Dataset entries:
+---+
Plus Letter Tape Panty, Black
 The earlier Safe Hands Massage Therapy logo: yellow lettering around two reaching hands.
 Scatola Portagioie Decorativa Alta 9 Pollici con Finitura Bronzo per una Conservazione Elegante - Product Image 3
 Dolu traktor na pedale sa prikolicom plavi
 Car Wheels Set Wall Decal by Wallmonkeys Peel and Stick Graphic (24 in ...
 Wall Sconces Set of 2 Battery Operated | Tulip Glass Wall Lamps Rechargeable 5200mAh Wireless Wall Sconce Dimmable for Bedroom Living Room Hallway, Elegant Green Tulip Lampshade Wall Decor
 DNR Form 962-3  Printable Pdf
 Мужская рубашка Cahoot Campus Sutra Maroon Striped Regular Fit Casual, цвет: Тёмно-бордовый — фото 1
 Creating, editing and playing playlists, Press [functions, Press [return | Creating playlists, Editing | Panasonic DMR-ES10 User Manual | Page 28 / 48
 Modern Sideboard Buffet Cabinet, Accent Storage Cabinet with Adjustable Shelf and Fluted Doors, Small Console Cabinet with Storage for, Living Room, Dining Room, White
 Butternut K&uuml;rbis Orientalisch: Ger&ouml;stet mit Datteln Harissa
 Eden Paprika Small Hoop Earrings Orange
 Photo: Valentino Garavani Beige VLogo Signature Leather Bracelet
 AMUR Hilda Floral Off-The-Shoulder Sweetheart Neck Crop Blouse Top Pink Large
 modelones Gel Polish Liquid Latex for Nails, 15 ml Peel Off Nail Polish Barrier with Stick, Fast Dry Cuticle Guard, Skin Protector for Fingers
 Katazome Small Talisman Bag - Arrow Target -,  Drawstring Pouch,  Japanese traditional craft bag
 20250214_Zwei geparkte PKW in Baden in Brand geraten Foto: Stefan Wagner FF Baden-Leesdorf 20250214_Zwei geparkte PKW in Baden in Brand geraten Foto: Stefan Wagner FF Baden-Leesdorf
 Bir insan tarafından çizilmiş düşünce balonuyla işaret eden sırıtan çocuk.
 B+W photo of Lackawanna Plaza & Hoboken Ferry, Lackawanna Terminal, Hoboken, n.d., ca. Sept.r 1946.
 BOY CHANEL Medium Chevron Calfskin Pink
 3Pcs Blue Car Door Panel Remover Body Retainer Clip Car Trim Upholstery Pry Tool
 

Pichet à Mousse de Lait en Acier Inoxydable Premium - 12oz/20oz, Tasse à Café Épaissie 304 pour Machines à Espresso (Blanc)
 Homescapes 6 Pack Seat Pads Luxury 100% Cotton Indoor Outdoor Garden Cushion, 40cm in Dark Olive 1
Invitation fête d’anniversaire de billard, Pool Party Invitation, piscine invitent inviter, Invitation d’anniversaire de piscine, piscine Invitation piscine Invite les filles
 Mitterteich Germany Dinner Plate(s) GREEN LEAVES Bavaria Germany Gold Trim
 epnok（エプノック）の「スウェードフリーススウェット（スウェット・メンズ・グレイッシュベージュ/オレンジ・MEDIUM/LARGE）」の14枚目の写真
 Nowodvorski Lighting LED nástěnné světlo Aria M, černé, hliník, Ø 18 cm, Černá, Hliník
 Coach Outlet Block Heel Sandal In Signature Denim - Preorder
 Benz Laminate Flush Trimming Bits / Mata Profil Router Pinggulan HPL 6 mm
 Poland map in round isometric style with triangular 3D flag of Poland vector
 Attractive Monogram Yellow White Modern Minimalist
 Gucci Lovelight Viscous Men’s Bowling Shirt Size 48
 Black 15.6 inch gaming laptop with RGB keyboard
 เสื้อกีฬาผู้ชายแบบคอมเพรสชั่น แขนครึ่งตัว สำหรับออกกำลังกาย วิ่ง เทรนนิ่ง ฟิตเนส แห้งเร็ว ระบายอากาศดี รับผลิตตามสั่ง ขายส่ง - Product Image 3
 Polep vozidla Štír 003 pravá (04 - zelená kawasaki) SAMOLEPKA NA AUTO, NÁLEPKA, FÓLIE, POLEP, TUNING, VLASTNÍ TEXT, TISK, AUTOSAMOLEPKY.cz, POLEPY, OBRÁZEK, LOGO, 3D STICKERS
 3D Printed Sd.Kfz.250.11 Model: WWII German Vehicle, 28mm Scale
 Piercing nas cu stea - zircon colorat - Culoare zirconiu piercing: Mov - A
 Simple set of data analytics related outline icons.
+---+
WHAT TO PRODUCE: After locating the line holding "BOY CHANEL Medium Chevron Calfskin Pink" above, output exactly that line and every line after it through the line holding "Benz Laminate Flush". Include nothing else.

OUTPUT:
 BOY CHANEL Medium Chevron Calfskin Pink
 3Pcs Blue Car Door Panel Remover Body Retainer Clip Car Trim Upholstery Pry Tool
 

Pichet à Mousse de Lait en Acier Inoxydable Premium - 12oz/20oz, Tasse à Café Épaissie 304 pour Machines à Espresso (Blanc)
 Homescapes 6 Pack Seat Pads Luxury 100% Cotton Indoor Outdoor Garden Cushion, 40cm in Dark Olive 1
Invitation fête d’anniversaire de billard, Pool Party Invitation, piscine invitent inviter, Invitation d’anniversaire de piscine, piscine Invitation piscine Invite les filles
 Mitterteich Germany Dinner Plate(s) GREEN LEAVES Bavaria Germany Gold Trim
 epnok（エプノック）の「スウェードフリーススウェット（スウェット・メンズ・グレイッシュベージュ/オレンジ・MEDIUM/LARGE）」の14枚目の写真
 Nowodvorski Lighting LED nástěnné světlo Aria M, černé, hliník, Ø 18 cm, Černá, Hliník
 Coach Outlet Block Heel Sandal In Signature Denim - Preorder
 Benz Laminate Flush Trimming Bits / Mata Profil Router Pinggulan HPL 6 mm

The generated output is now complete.